Nat. Anti-Hunger Coalition v. Executive Committee, 557 F. Supp. 524 (D.D.C. 1983)

US District Court for the District of Columbia - 557 F. Supp. 524 (D.D.C. 1983)
February 24, 1983

557 F. Supp. 524 (1983)


Civ. A. No. 82-3592.

United States District Court, District of Columbia.

February 24, 1983.

*525 Eric R. Glitzenstein, Alan B. Morrison, David C. Vladeck, Jack Stolier, Cynthia G. Schneider, Washington, D.C., for plaintiffs.

Richard K. Willard, Barbara L. Gordon, Surell Brady, Dept. of Justice, Washington, D.C., for defendants.


GESELL, District Judge.

This case comes before the Court on cross-motions and requires the Court to interpret the application of the Federal Advisory Committee Act, 5 U.S.C.App. I, as it impinges on an advisory committee survey now being conducted for the President at his request.

On February 18, 1982, President Reagan announced his intention to establish a "Private Sector Survey on Cost Control in the Federal Government." Its purpose was to call on the expertise of "leaders from the business, labor, and academic communities" to obtain detailed management and cost control advice with a view towards reducing runaway costs in the federal sector.[1]

*526 By Executive Order No. 12369, 47 Fed.
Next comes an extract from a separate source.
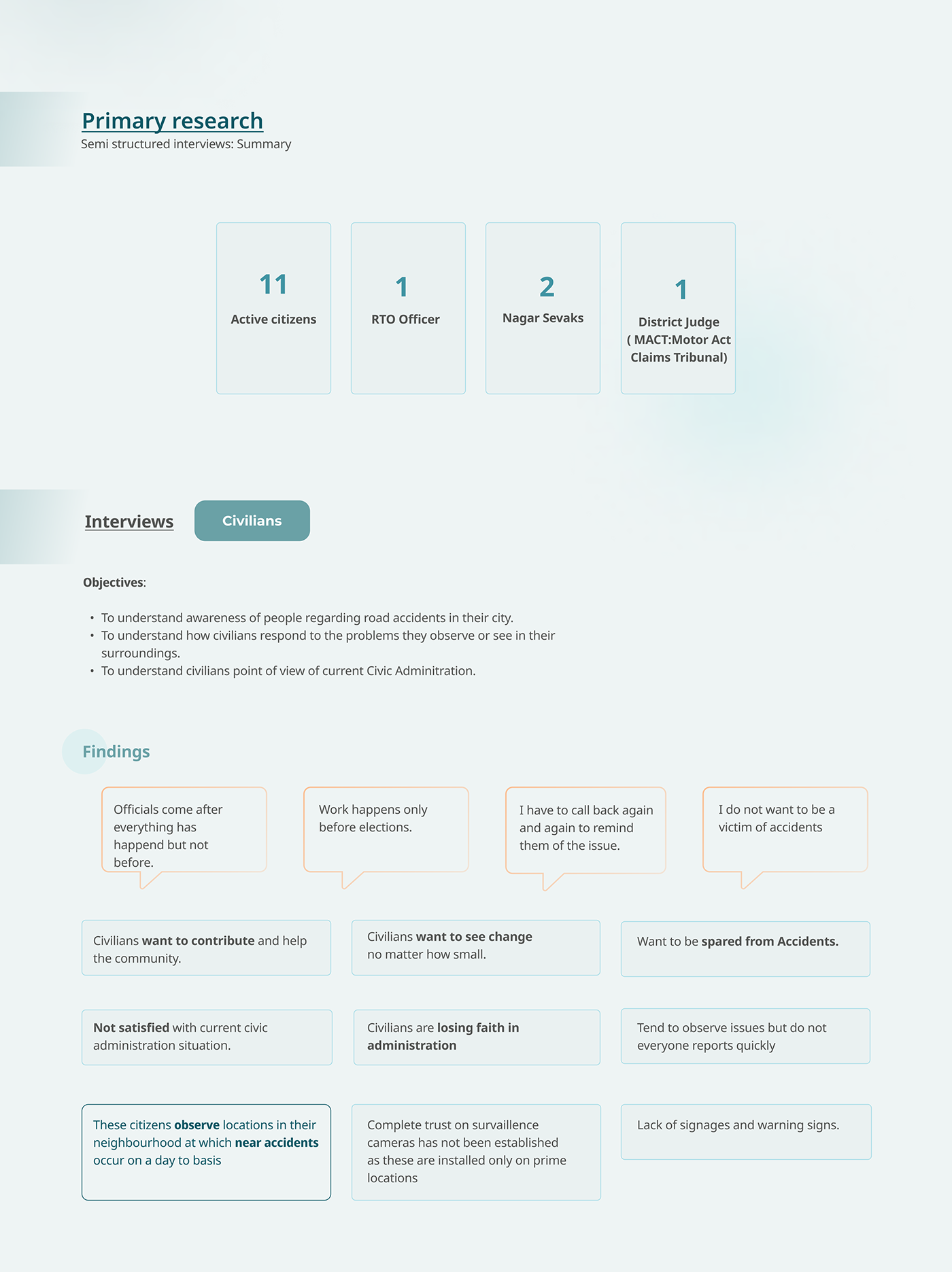 app design dashboard design system design UI/UX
Reg. 28899 (June 30, 1982), the President established the Executive Committee of the Private Sector Survey. The Executive Committee was to be composed of no more than 150 citizens appointed by the President from the private sector.[2] It was to conduct in-depth reviews of Executive branch operations and to advise the President, the Secretary of Commerce and the heads of other federal agencies.
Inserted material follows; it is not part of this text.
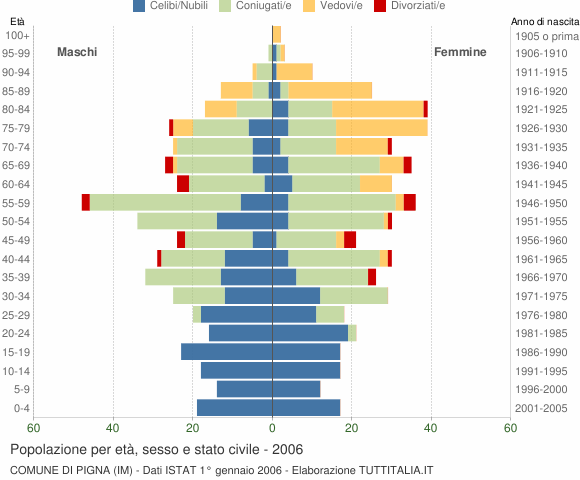 Grafico Popolazione per età, sesso e stato civile Comune di Pigna (IM)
The Executive Order also provided that "[t]he Committee is to be funded, staffed and equipped ... by the private sector without cost to the Federal Government." Id. To implement this objective, the Foundation for the President's Private Sector Survey on Cost Control was established. The Foundation, a non-profit corporation of the District of Columbia, made an agreement with the Secretary of Commerce on July 7, 1982, under which it was to provide assistance to the Committee including facilities and staff support. The Foundation's Management Office has organized thirty-six "task forces," each co-chaired by two or more members of the Committee, to do the "preliminary work of the survey, including fact-gathering, statistical evaluations, and the formulation of preliminary reports."[3] Twenty-two of the task forces are assigned to study particular agencies, and the remaining fourteen are studying cross-agency functions. Apart from the chairmen, none of the task force members are members of the Committee, nor do the task forces have any authority to make recommendations to agencies or to the President.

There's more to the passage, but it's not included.